**Records to process**
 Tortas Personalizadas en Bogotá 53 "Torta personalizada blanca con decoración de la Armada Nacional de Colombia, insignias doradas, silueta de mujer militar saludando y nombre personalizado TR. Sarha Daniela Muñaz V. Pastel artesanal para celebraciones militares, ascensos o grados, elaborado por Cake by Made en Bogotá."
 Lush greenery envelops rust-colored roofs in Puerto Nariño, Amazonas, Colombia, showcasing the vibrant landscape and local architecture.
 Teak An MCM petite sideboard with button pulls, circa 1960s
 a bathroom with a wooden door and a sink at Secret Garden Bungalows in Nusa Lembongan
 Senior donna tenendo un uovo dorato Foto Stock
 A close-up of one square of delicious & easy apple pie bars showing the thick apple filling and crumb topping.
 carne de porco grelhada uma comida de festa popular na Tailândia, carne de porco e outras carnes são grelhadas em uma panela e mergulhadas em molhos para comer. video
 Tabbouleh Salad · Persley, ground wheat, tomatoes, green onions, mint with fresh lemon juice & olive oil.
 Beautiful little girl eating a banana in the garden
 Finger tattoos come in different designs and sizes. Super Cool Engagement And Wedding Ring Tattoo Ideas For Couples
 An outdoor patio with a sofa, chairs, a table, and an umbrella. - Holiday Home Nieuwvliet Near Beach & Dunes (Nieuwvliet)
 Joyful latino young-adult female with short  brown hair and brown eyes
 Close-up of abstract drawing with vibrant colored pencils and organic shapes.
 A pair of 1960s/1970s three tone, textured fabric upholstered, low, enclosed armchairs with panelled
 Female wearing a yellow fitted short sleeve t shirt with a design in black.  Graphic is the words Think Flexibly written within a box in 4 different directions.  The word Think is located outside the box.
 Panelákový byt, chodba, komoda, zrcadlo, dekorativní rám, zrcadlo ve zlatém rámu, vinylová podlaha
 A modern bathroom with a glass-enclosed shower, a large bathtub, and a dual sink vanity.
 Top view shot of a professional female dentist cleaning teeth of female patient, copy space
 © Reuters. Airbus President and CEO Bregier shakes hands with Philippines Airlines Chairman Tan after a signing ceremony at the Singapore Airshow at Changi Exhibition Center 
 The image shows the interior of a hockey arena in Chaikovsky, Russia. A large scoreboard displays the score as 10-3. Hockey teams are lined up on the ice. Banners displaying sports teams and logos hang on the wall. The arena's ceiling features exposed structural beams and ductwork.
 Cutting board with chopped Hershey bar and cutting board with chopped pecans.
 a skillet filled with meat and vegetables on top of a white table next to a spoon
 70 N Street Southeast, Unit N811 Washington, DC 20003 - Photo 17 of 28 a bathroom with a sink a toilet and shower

**Your goal**
Reproduce, word for word and in full, only the lines above that start at the line with "Close-up of abstract" and run through the line with "A pair of 1960s/1970s", both ends included.

**Written response**
 Close-up of abstract drawing with vibrant colored pencils and organic shapes.
 A pair of 1960s/1970s three tone, textured fabric upholstered, low, enclosed armchairs with panelled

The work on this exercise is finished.